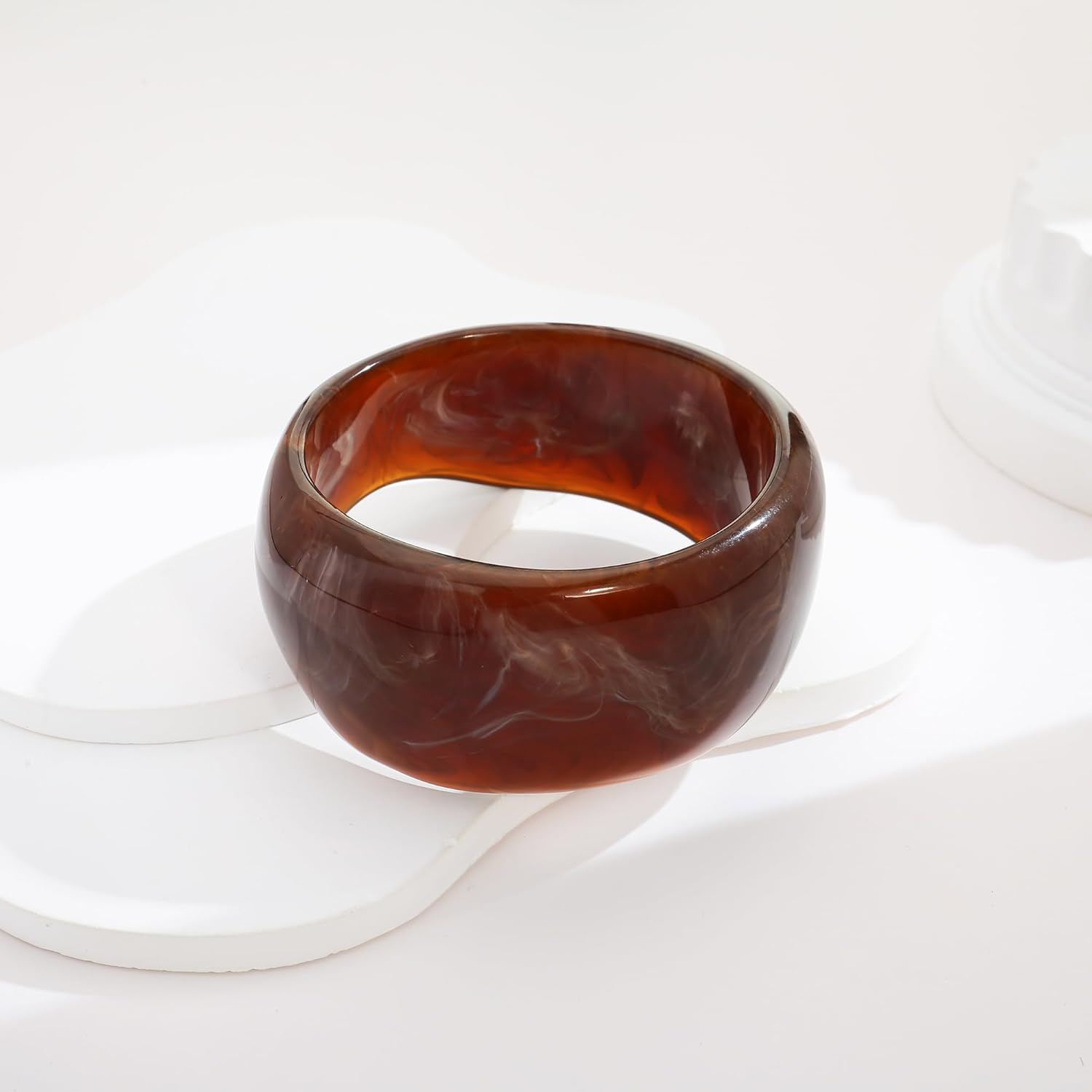 WOWORAMA Colorful Resin Acrylic Bangle Bracelets for Women Geometric Chunky Mottled Acetate Resin Bangles Wide Acrylic Plastic Bracelets Statement Jewelry - Image 4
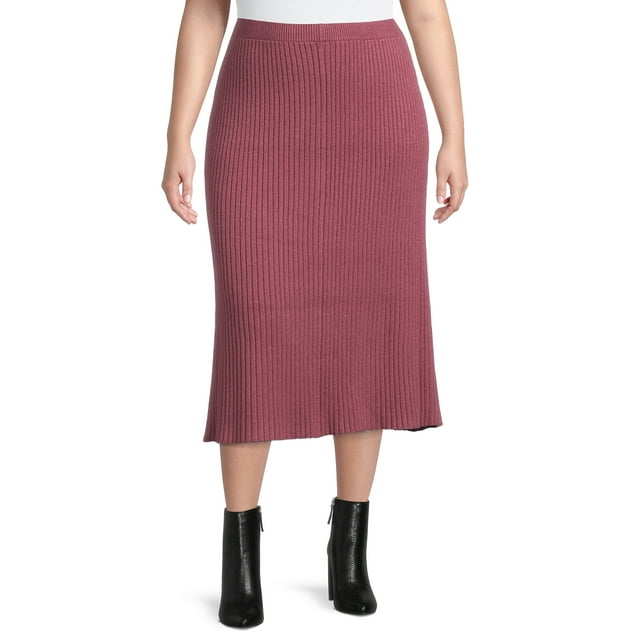 Terra & Sky Women's Plus Size Sweater Skirt - Walmart.com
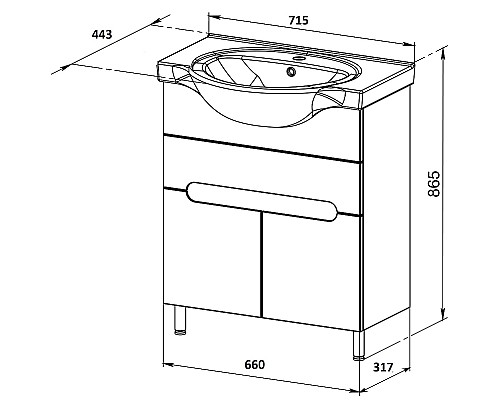 Тумба с раковиной Orange Topline-Rio 70 TR70-03E+RA Белый глянец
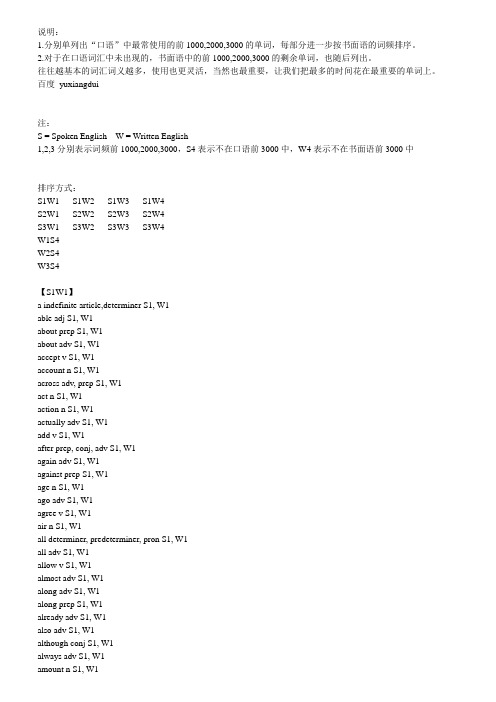 朗文英语常用词汇-词频排前1000-2000-3000分列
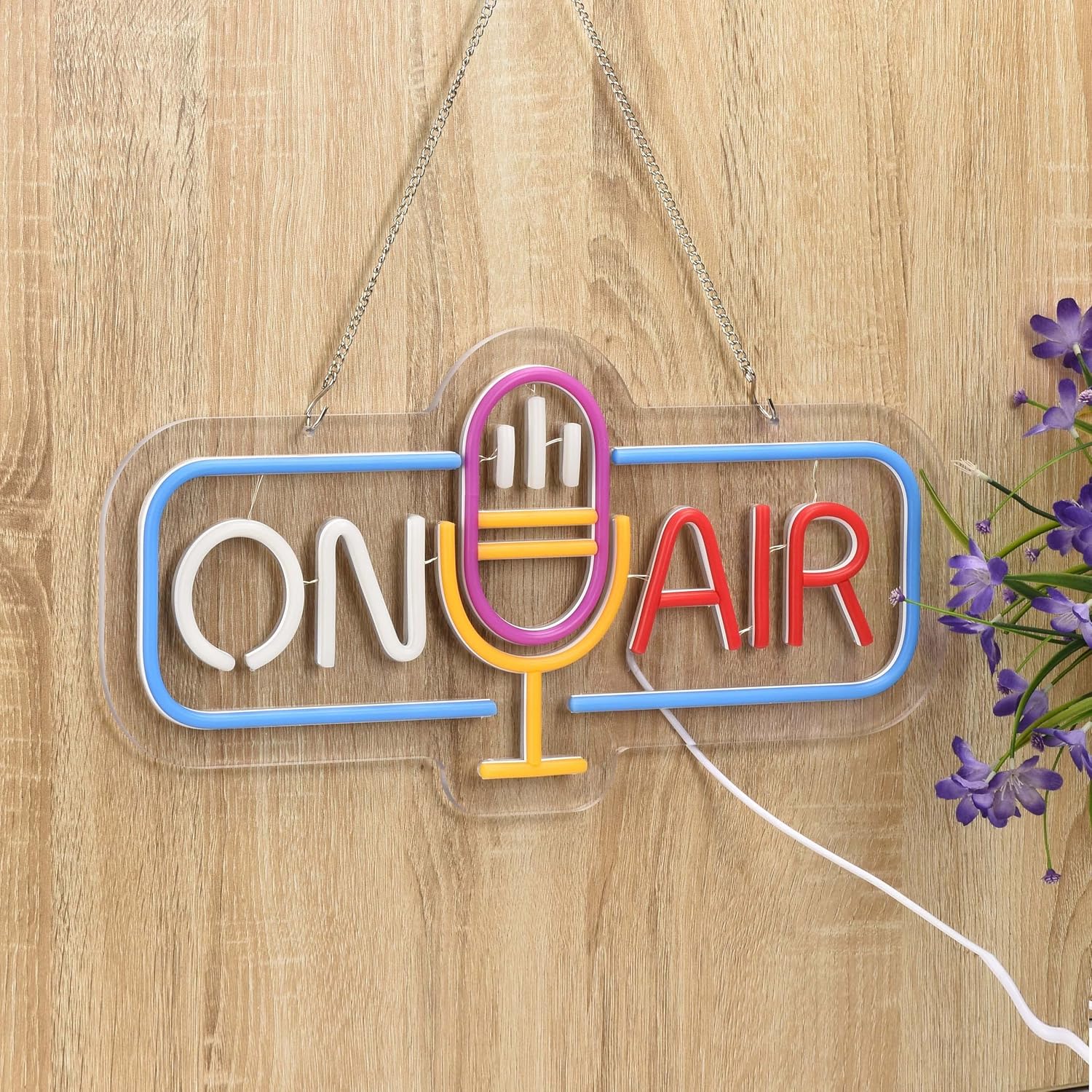 On Air Neon Sign - LED Microphone Light for Podcast, Studio & Live Streaming Decor - Deen neon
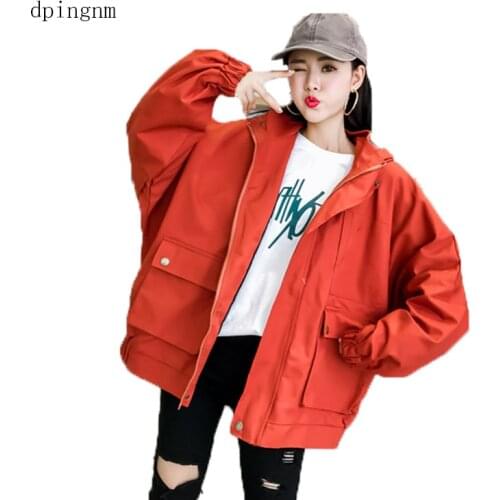 Outerwear & Coats Jackets Long Sleeve Oversize Zipper Jacket Windbreaker coats and jackets women 2019JUL25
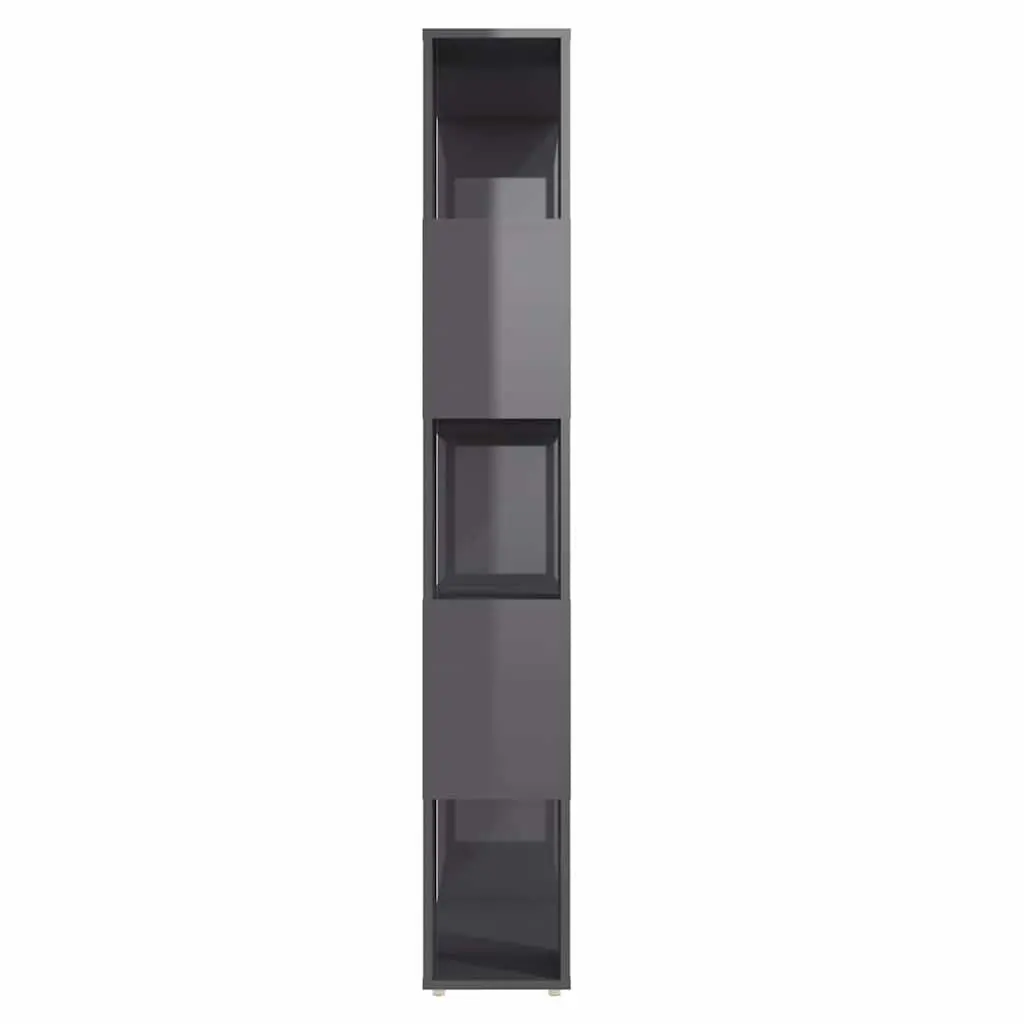 Book Cabinet Room Divider High Gloss Grey 80x24x155cm Engineered Wood Storage Shelf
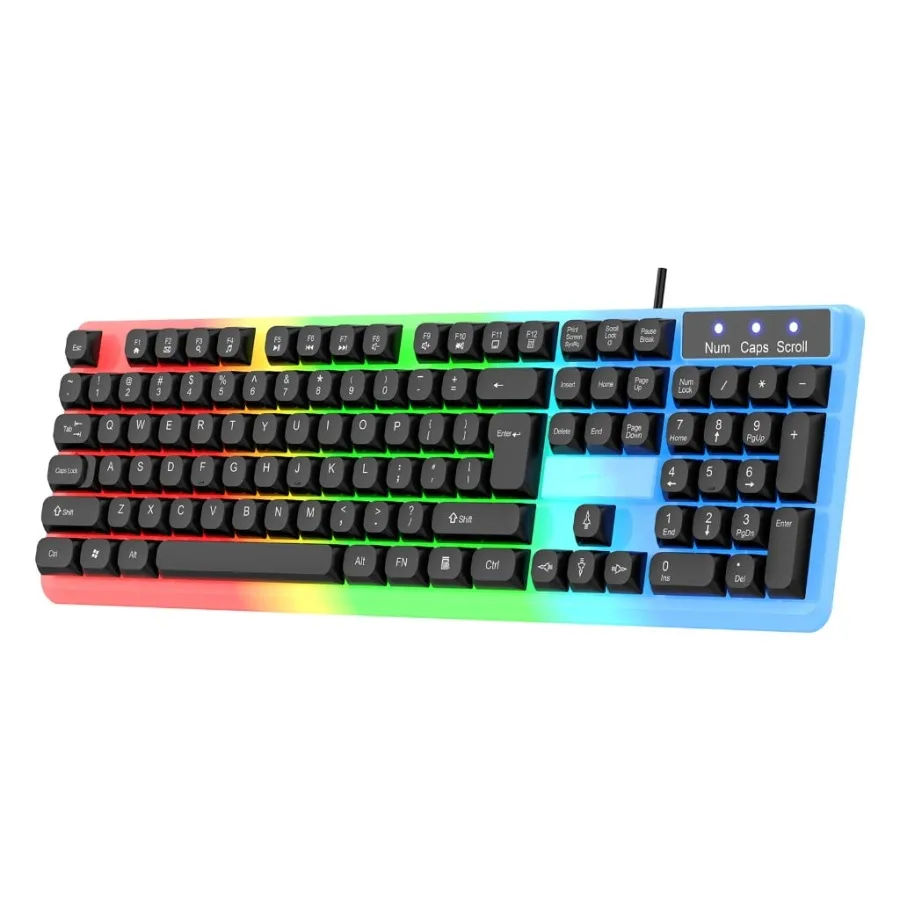 Corded Mechanical Gaming Keyboard 104 Keys LED Backlit for PC Home Office Use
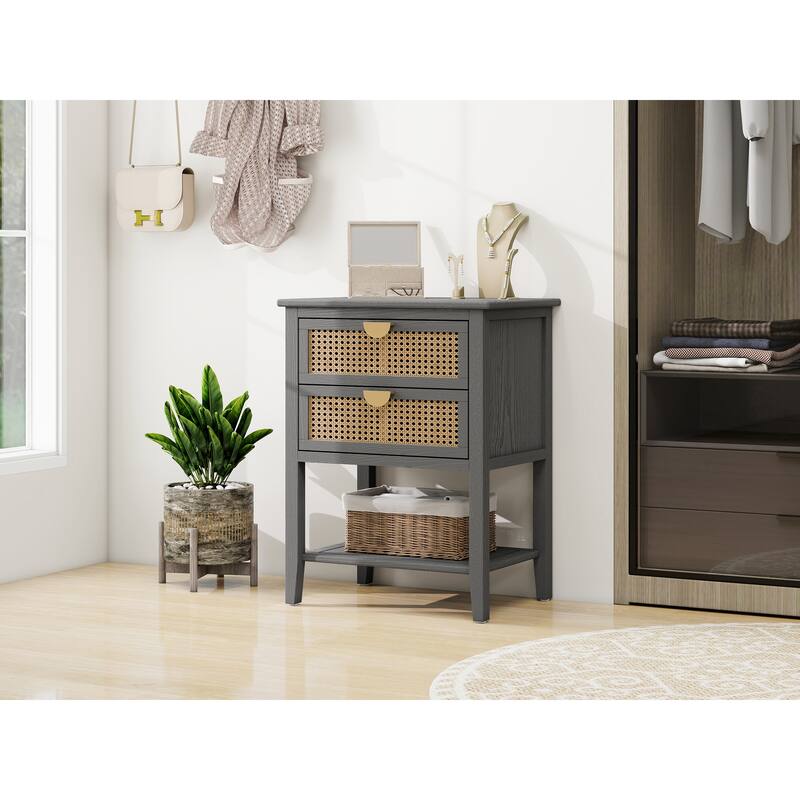 Rattan Haven Natural Style Wooden End Table with 2 Drawers and Open Storage Shelf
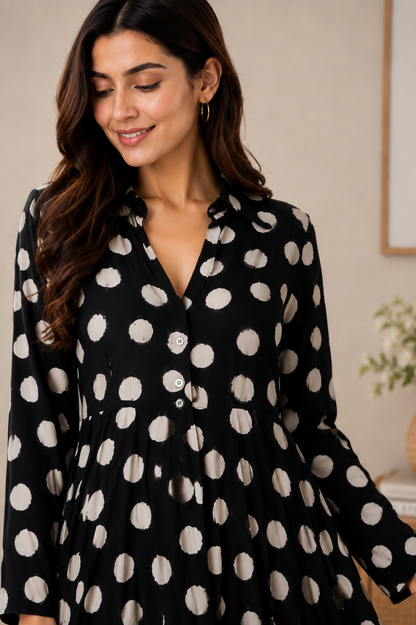Black Polka Dot Printed Flared Midi Dress with Full Sleeves & Front Buttons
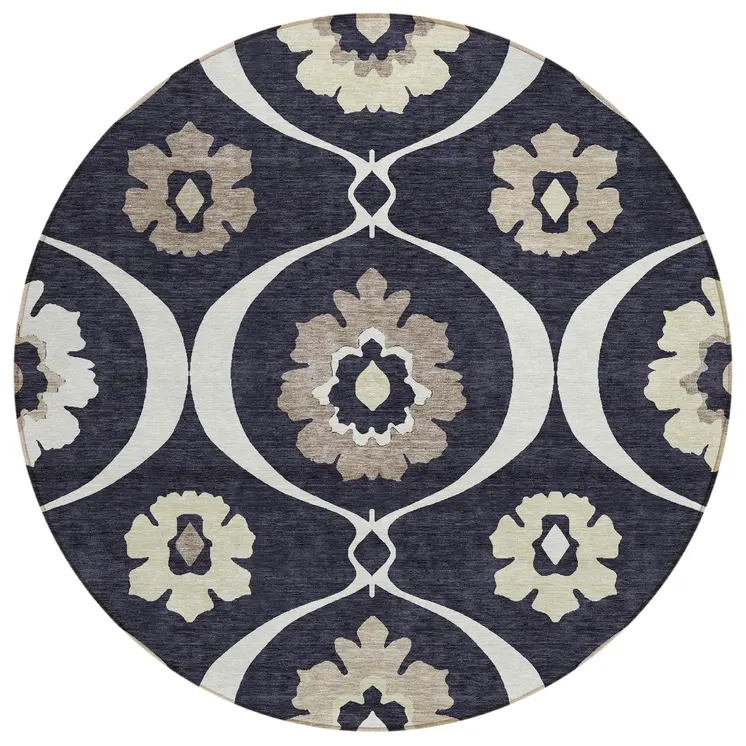 8' Black Ivory And Taupe Round Medallion Washable Indoor Outdoor Area Rug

------------------------

*Work task*: Down to the last line, return the entries above exactly, with no pictures.

*Answer to the problem*:
 WOWORAMA Colorful Resin Acrylic Bangle Bracelets for Women Geometric Chunky Mottled Acetate Resin Bangles Wide Acrylic Plastic Bracelets Statement Jewelry - Image 4
 Terra & Sky Women's Plus Size Sweater Skirt - Walmart.com
 Тумба с раковиной Orange Topline-Rio 70 TR70-03E+RA Белый глянец
 朗文英语常用词汇-词频排前1000-2000-3000分列
 On Air Neon Sign - LED Microphone Light for Podcast, Studio & Live Streaming Decor - Deen neon
 Outerwear & Coats Jackets Long Sleeve Oversize Zipper Jacket Windbreaker coats and jackets women 2019JUL25
 Book Cabinet Room Divider High Gloss Grey 80x24x155cm Engineered Wood Storage Shelf
 Corded Mechanical Gaming Keyboard 104 Keys LED Backlit for PC Home Office Use
 Rattan Haven Natural Style Wooden End Table with 2 Drawers and Open Storage Shelf
Black Polka Dot Printed Flared Midi Dress with Full Sleeves & Front Buttons
 8' Black Ivory And Taupe Round Medallion Washable Indoor Outdoor Area Rug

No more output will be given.